══ DATA PROVIDED
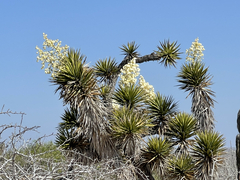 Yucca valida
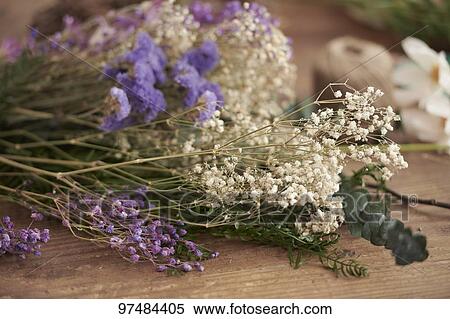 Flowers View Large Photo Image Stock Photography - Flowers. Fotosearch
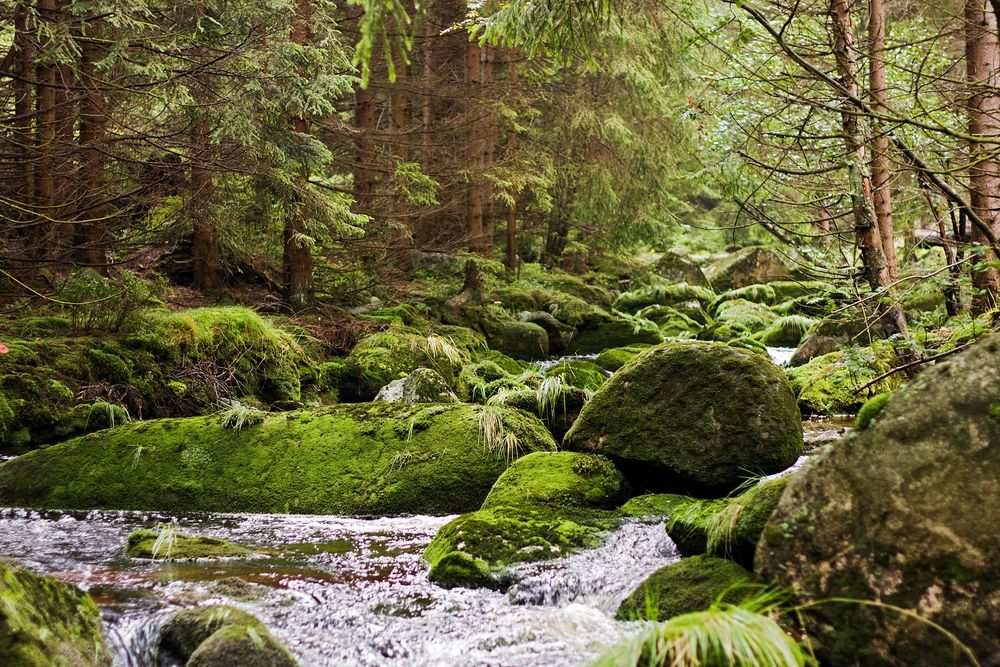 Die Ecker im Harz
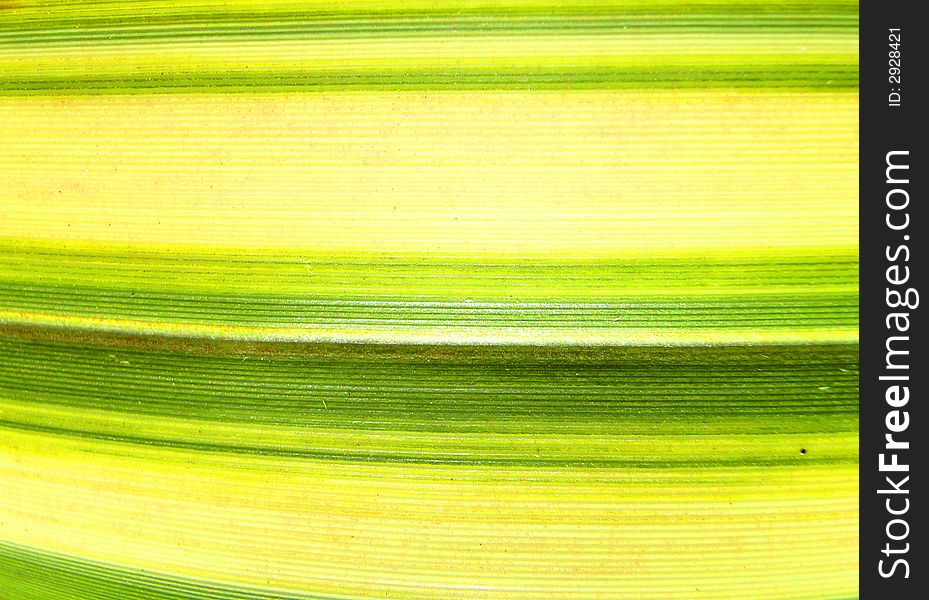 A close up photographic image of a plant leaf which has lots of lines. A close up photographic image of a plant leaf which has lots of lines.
════
══ DATA PROVIDED
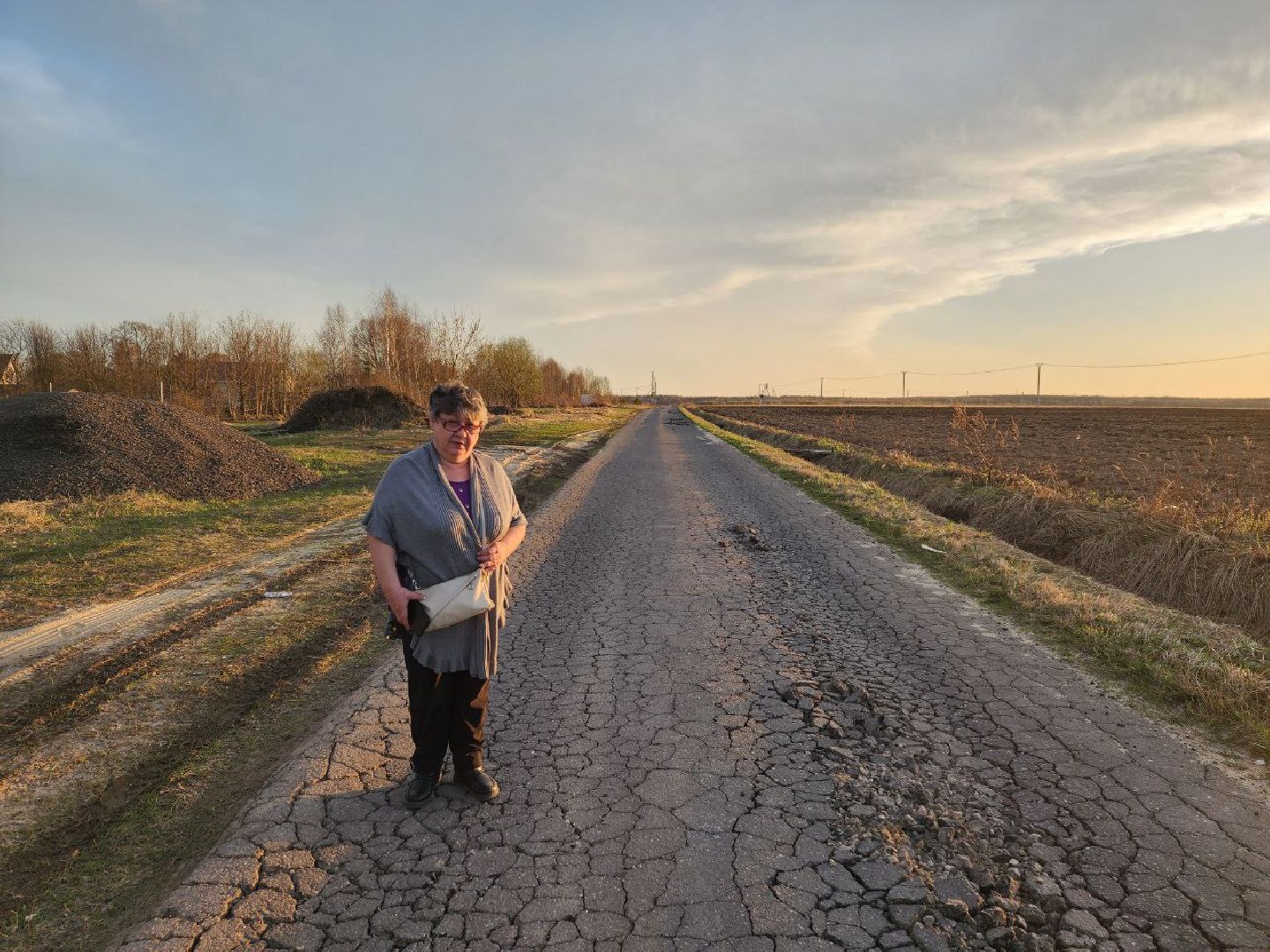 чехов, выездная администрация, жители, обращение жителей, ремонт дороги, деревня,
════
══ DATA PROVIDED
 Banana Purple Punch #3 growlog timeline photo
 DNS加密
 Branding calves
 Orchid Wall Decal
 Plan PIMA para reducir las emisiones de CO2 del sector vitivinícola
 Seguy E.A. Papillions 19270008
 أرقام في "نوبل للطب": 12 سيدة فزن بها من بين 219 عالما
════
• WORK ORDER: As the answer, set down only the lines from the data above between the one holding "Branding calves" and the one holding "بين 219 عالما", inclusive, exactly as they read.

• ANSWER TO THIS EXERCISE:
 Branding calves
 Orchid Wall Decal
 Plan PIMA para reducir las emisiones de CO2 del sector vitivinícola
 Seguy E.A. Papillions 19270008
 أرقام في "نوبل للطب": 12 سيدة فزن بها من بين 219 عالما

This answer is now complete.